The fingers are getting stickier in retail.
Losses from theft, fraud and other kinds of retail shrinkage rose 22 percent to $61.7 billion last year, according to an annual survey of 69 loss prevention and asset protection executives by the National Retail Federation.
That means the industry saw the sales of two-and-a-half Macy’s Inc.’s simply disappear. (Macy’s logged annual sales of $24.6 billion in sales last year.)
The survey, which did not delve into activity this year, found increases in shoplifting, organized retail crime and employee theft.
“Between an increase in incidents and new ways to steal, shrink is at an all-time high,” said Mark Mathews, vice president for research development and industry analysis at the trade group. “Loss prevention experts are facing unprecedented challenges from individual shoplifters to organized gangs to highly skilled cybercriminals. Retailers are responding with both traditional methods and the latest technology, but this is an ongoing challenge that can only be won with the support of lawmakers and law enforcement.”
Overall, shrink averaged 1.6 percent last year, up from 1.4 percent in 2018 and a run rate of about 1.4 percent over the past few years.
The NRF said theft has increased as states have tweaked laws, increasing the dollar threshold for felony charges.

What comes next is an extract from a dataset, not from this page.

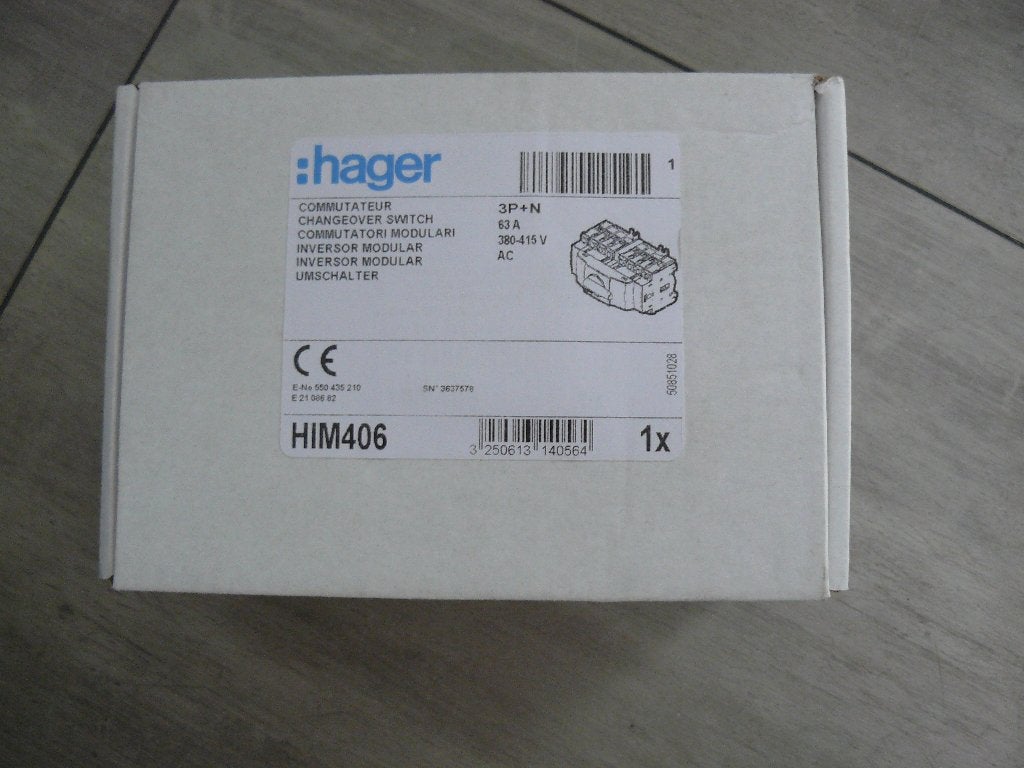 Hager Omkeerschakelaar - NIEUW, Ophalen of Verzenden, Nieuw, Hager, Schakelaar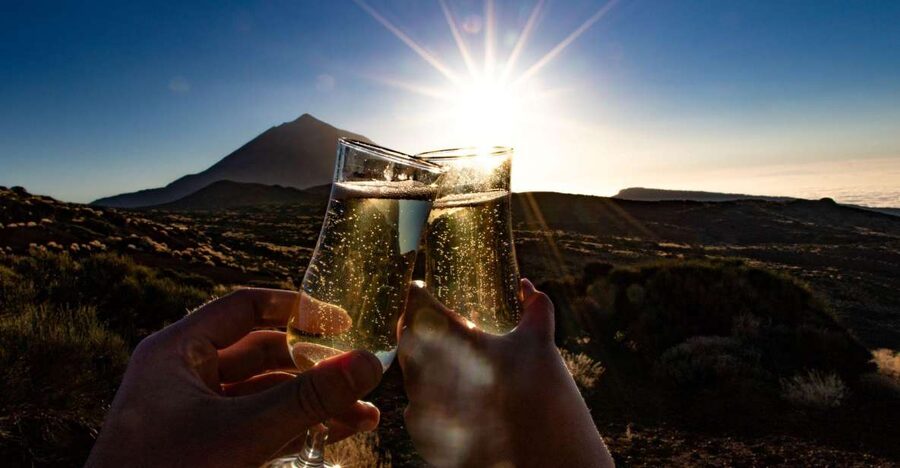 Teide: Guided Sunset & Stargazing Tour by Night with Dinner - Two hours among Teide’s rock formations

For years, the industry has been struggling with gangs that specifically target retailers, traveling up and down main thoroughfares and hitting stores with coordinated shoplifting efforts and then moving on quickly to several targets.

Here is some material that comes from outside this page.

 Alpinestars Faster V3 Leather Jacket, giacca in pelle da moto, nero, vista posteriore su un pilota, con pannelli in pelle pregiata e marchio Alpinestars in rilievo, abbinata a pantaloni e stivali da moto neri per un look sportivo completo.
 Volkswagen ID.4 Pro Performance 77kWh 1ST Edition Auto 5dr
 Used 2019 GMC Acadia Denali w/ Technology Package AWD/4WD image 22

“Members of [organized retail crime] gangs often make multiple small thefts, staying below the felony threshold to avoid prosecution, so NRF has called for repeat offenses to be aggregated and counted toward felony thresholds to reflect the serious nature of organized theft,” the group said.
Shoplifting, organized theft and employee theft typically account for two-thirds of shrink — an issue that, like the rest of retail, has become increasingly digital.
Forty-nine percent of the executives surveyed said the largest increase in fraud last year occurred in stores, but 26 percent pointed instead to the web and 19 percent singled out multichannel sales, including the buy online, pick up in store business.